§ **YOUR INSTRUCTIONS**: Skip the pictures. Quote every line below, exactly, from the one with "this 1080×720 image." through the final line.

START RAW DATA

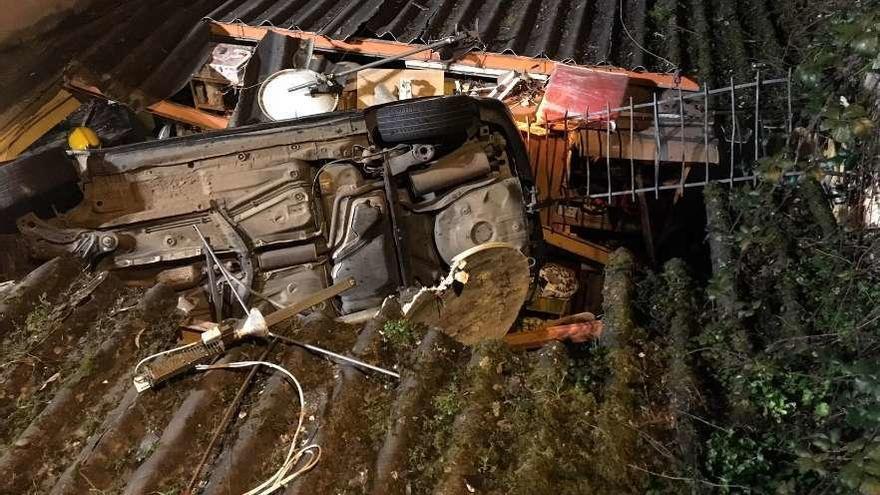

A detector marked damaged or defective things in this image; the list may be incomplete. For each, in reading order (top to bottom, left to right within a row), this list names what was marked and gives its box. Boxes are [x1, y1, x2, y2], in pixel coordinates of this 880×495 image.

overturned car [8, 97, 536, 318]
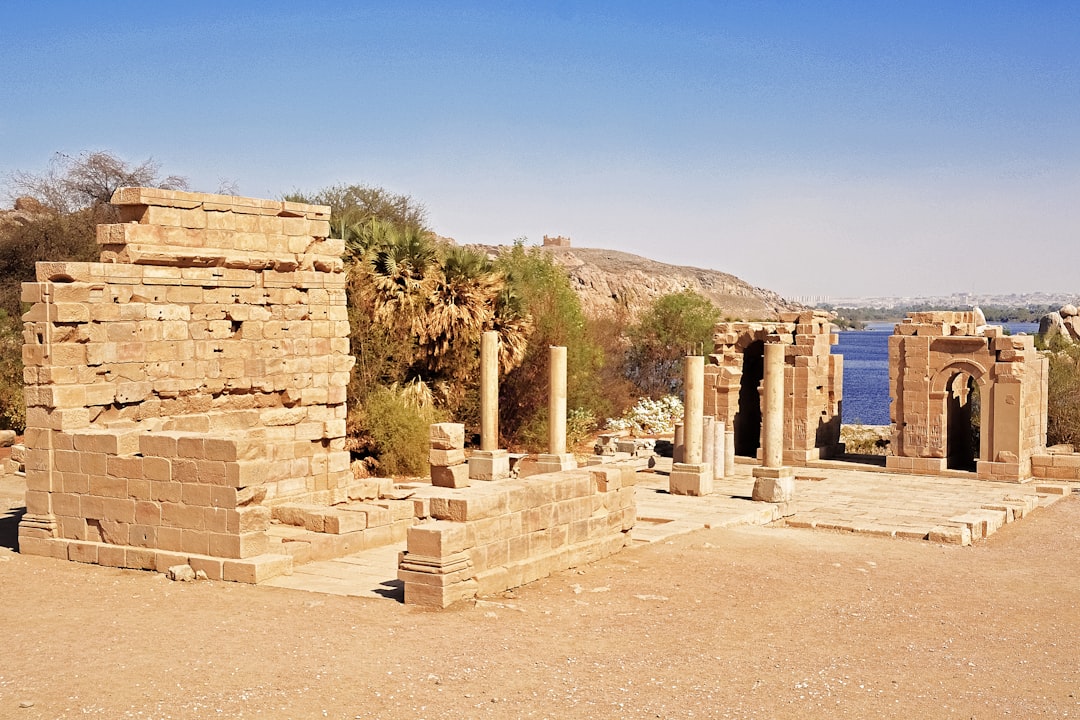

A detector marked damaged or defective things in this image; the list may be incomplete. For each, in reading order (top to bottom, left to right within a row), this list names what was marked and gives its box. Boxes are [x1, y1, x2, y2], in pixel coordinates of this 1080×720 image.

broken pillar [468, 334, 510, 484]
broken pillar [536, 346, 576, 476]
broken pillar [672, 354, 712, 496]
broken pillar [756, 342, 796, 500]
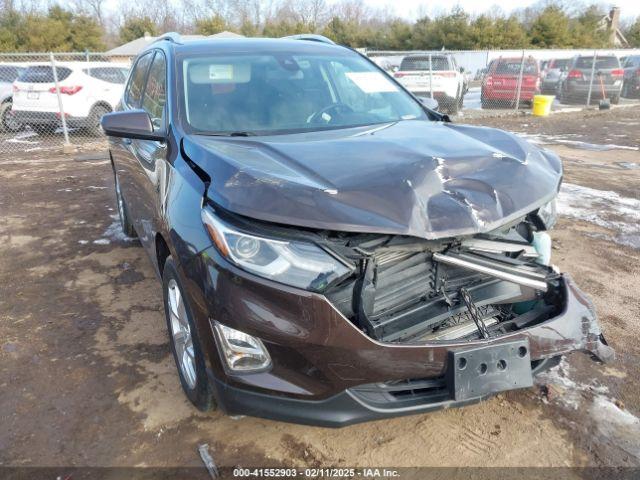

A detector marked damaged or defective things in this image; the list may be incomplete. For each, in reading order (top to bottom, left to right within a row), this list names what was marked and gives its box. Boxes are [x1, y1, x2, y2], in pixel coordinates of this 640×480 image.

damaged suv front end [102, 38, 612, 428]
crumpled hood [182, 121, 564, 239]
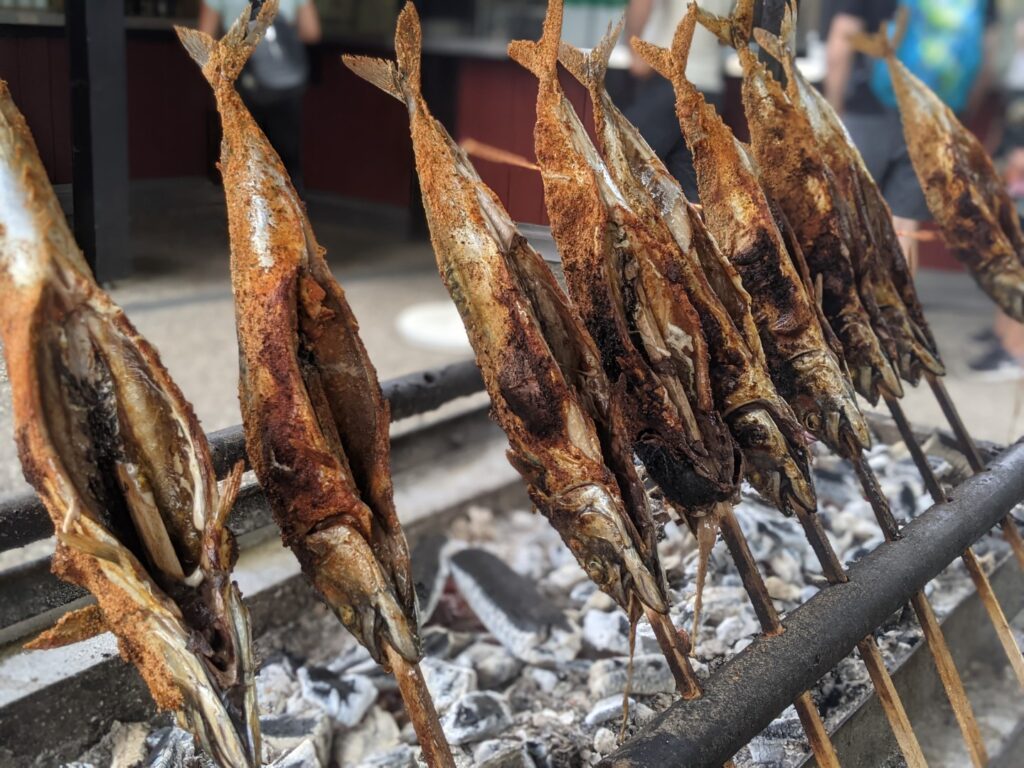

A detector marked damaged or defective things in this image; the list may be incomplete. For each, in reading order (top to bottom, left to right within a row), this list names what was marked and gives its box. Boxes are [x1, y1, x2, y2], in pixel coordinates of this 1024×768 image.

rusty metal bar [0, 360, 483, 552]
rusty metal bar [598, 442, 1024, 768]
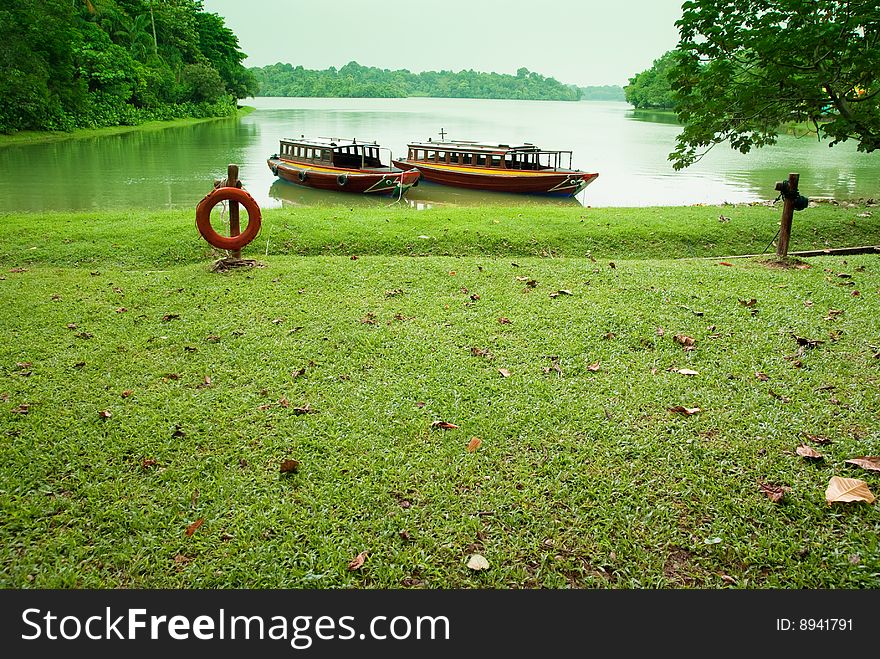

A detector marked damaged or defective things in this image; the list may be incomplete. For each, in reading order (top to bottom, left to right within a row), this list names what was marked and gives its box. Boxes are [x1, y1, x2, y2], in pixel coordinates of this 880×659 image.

END RAW DATA

§ **WORKED SOLUTION**:
A detector marked damaged or defective things in this image; the list may be incomplete. For each, in reading order (top to bottom, left to right within a row), this list names what was marked and gives its box. Boxes are [x1, y1, x2, y2], in pixel coordinates of this 1080×720 image.

broken pillar [468, 334, 510, 484]
broken pillar [536, 346, 576, 476]
broken pillar [672, 354, 712, 496]
broken pillar [756, 342, 796, 500]

A detector marked damaged or defective things in this image; the list may be incomplete. For each, in reading order (top to bottom, left to right within a row), this list names what was marked and gives its box. Boxes are [x1, y1, x2, y2], in pixel coordinates of this 640×480 image.

damaged suv front end [102, 38, 612, 428]
crumpled hood [182, 121, 564, 239]

A detector marked damaged or defective things in this image; the list may be incomplete. For each, in reading order (top to bottom, left to right within a row), this list names what was marked and gives its box. Boxes are [x1, y1, x2, y2], in pixel coordinates of this 1024×768 image.

rusty metal bar [0, 360, 483, 552]
rusty metal bar [598, 442, 1024, 768]

A detector marked damaged or defective things in this image; the list may be incomplete. For each, in reading order (top to bottom, left to right within a row), this list names what was marked and gives its box. Boxes are [x1, y1, x2, y2], in pixel coordinates of this 880×659 image.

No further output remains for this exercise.